Cramming: Training a Language Model on a Single GPU in One Day: This paper trended on twitter for a while because it bucked a trend of bigger and bigger models with more params and FLOPs, instead looking at what could be accomplished on a single consumer GPU in a day. They show that (i) architecture is important and (ii) you can get a high level of quality quickly - higher FLOPs lead to diminishing returns under current setups (which is potentially still necessary).
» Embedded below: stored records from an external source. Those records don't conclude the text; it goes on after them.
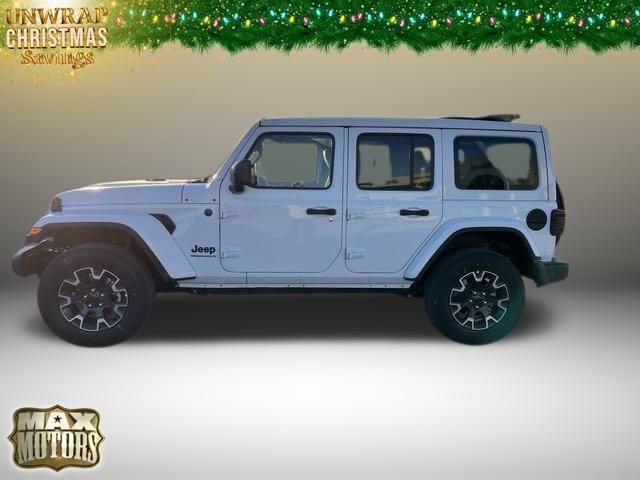 new 2025 Jeep Wrangler car, priced at $58,441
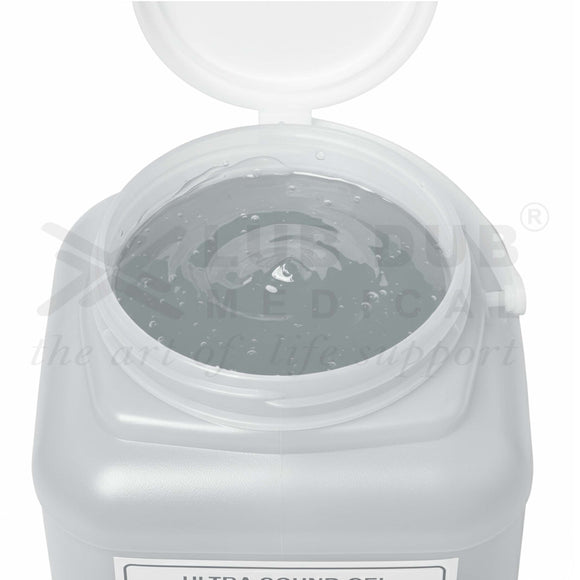Buy ECG Gel Bottle 5kg. Medical-grade conductive gel for ECG / cardiac monitoring. Fast shipping across India.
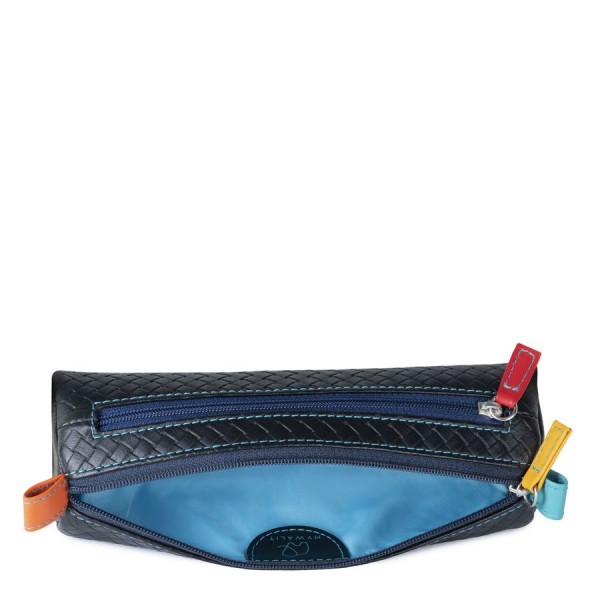 Mywalit Astuccio Linea Embossed Nappa Black Pace Consegna Veloce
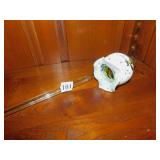 GLASS HAND BLOWN FLOWER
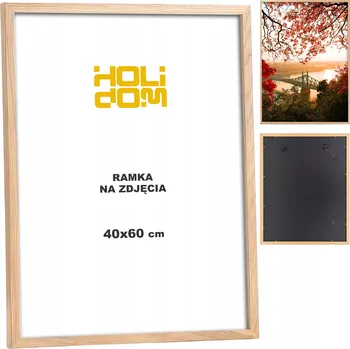 Obraz RÁMEČEK NA FOTOGRAFIE 40x60 Barva Dřevěný rám na fotografie Plakátů 60x40 na zeď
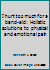 I hurt too much for a band-aid: Holistic solutions to physical and emotional pain 0890190720 Book Cover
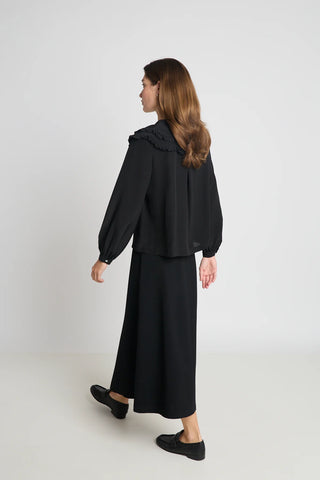 Twenty-Seven Names Process Skirt - Black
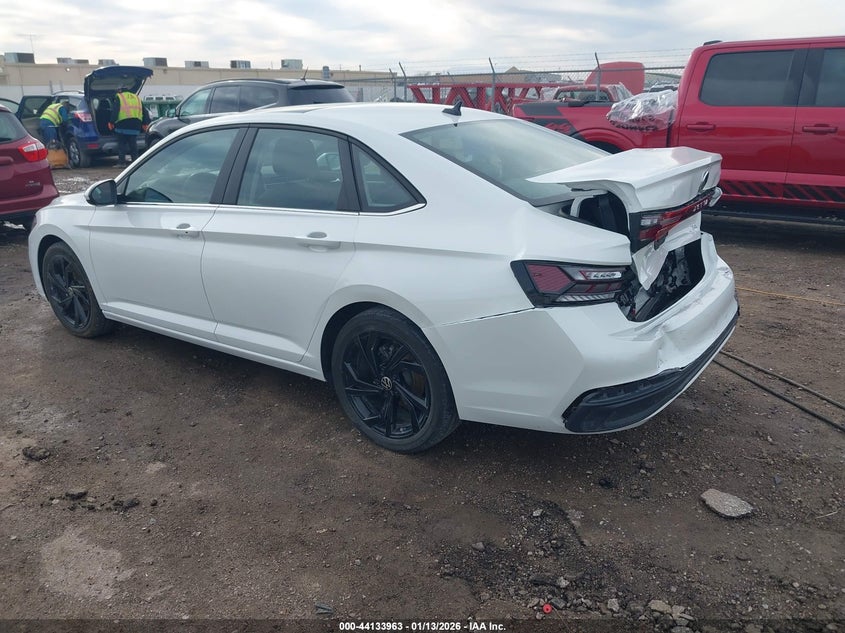 2025 Volkswagen Jetta 1.5T Se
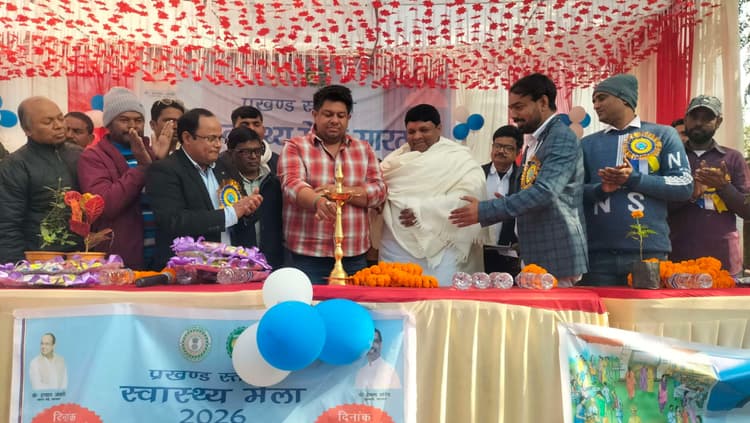 कैंप में 1470 मरीजों को मिला स्वास्थ्य लाभ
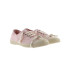 Chaussures Victoria Anglaise Toile Teintée Drec Rose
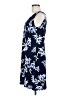 Connected Apparel Blue Casual Dress Size 8 (petite) - photo 5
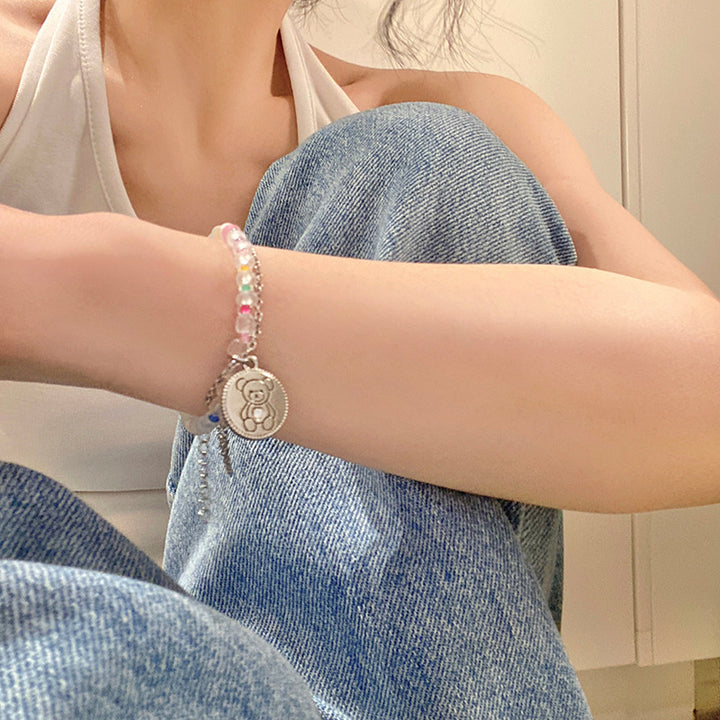 Charming Beaded Bracelet Bowlift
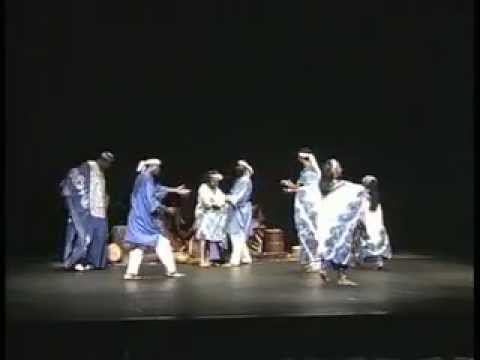 Chuck Davis Lamban Dance Part 1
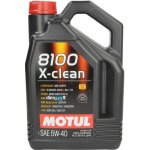 Motul 8100 X-clean 5W-40 C3 4 l – Hledejceny.cz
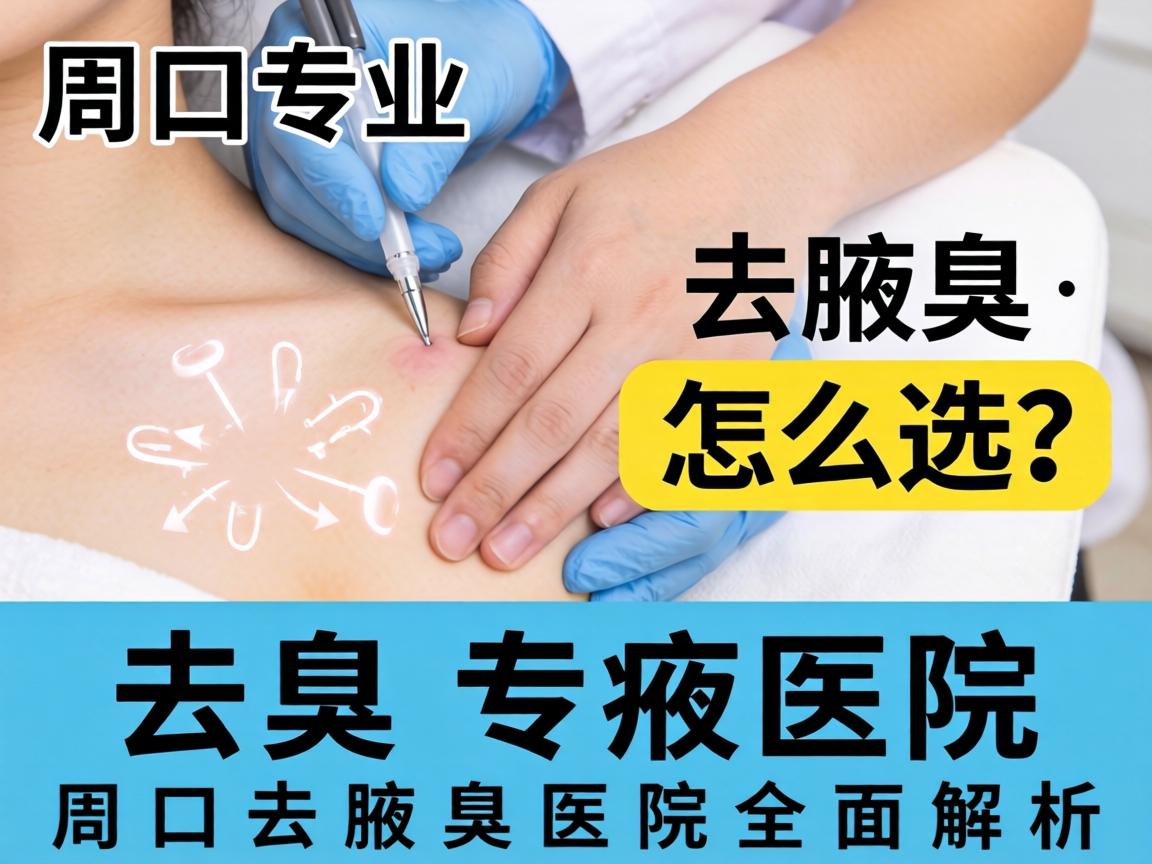 周口专业去腋臭医院怎么选?周口去腋臭医院全面解析 周口专业去腋臭医院怎么选?周口去腋臭医院全面解析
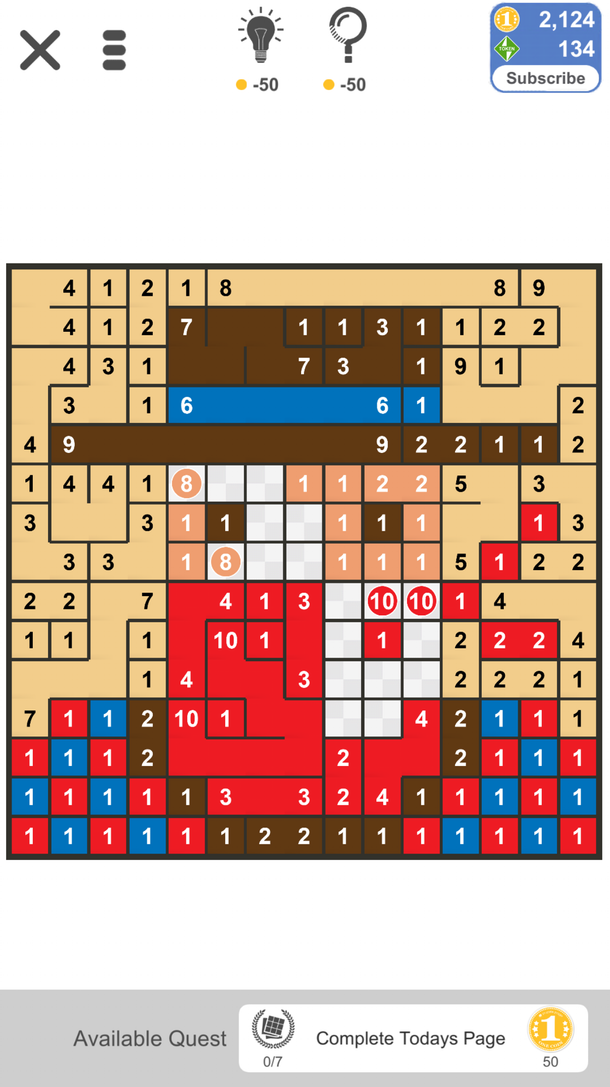 Puzzle Page | puzzling.com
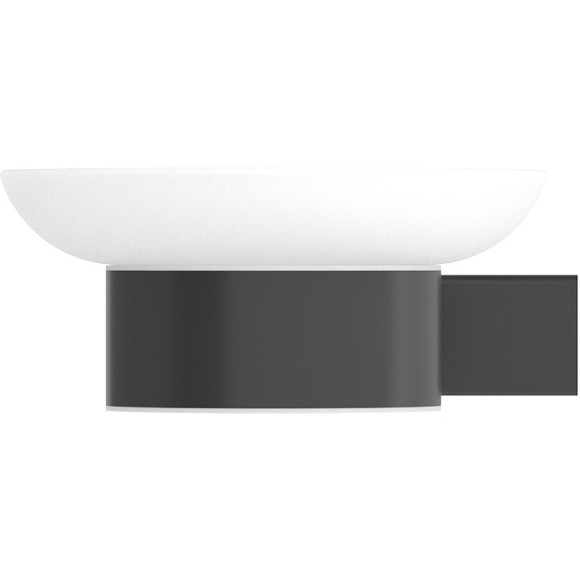 Мыльница Cezares Stylus STYLUS-SODS-NOP Черная матовая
Data Distributional Properties Drive Emergent In-Context Learning in Transformers: Absolutely loved this paper - it blew my mind and in my opinion asks some pretty deep questions around the nature of language. tldr, the ability of LLMs built on Transformer arch. to generate responses formatted based only on context (e.g. without having to retrain weights) is a completely emergent property that wasn't intentionally trained for. More interestingly it is unique to Transformers - BUT - it also requires training data to be distributed with particular properties (burstiness, Zipfian distributed, etc)
Two additional papers have popped up on this topic: Transformers learn in-context by gradient descent and Why Can GPT Learn In-Context?
Towards Principled Methods for Training Generative Adversarial Networks: Not the original paper on GANs but a highly cited paper for modern GAN implementations. As a follow up read, the Wasserstein GAN is the basis of current state of the art models.
Pytorch library: Not a paper, but spent some time getting to know Torch as well - my takeaway is that it is better suited to low-level granular control over your networks and is optimized for speed. Tensorflow seems more high level/more finicky at these lower level tasks (although, not incapable)
Sparse GPT: Hints at the fact that LLM Transformer architecture is still highly inefficient. Researchers show that massive LLMs can be pruned to less than half their weights without material performance impacts.
The topic of finding more efficiencies in the architecture of our models is growing. The first item in this list also speaks to this, and this paper, 'Tuning LLMs via zero shot hyper parameter transfer shows that hyper-parameters can be learned/tuned on smaller (subset) models and then transferred in a zero-shot method to larger models.
Neuro-Symbolic AI: Some larges shops (IBM included) state this could be the path to AGI as it gives Transformers logic capabilities which today are their biggest weakness.
Wolfram + ChatGPT: Stephen Wolfram lays out proofs of concepts for how Wolfram can give ChatGPT a logic implant - effectively proposing that Wolfram is introduced into ChatGPT architecture with fine-tuning causing ChatGPT to consult Wolfram Alpha to provide additional context - correcting mathematical, logical and numerical mistakes.
Reinforcement Learning from Human Feedback: RLHF was a key component to making ChatGPT work and took some novel work in the field of reinforcement learning to optimize gradient descent (given parameter count) and in design of the reward function.
Wide FeedForward or RNNs are Gaussian Processes: I've referenced Greg Yang previously here (5.1 above), who is a mathematician at Microsoft working to formalize the theory of NNs. His work, and others in his field, will give us better understandings of the architecture so that we can more predictably design networks vs. how we do it today with, broadly, guess and check approaches. This paper shows that all feedfoward, or RNNs (large majority of the atomic components in ML) are Gaussian processes, effectively meaning that a randomly initialized NN can be thought of as a function which can take any random subset of the input and output a Gaussian distribution. Why is this important? We understand Gaussians really well - and although it does not remain Gaussian - it shows that the process of training is effectively nudging a Gaussian in a new direction - and moreover, it means that we can understand what the 'sum' of neural networks mean.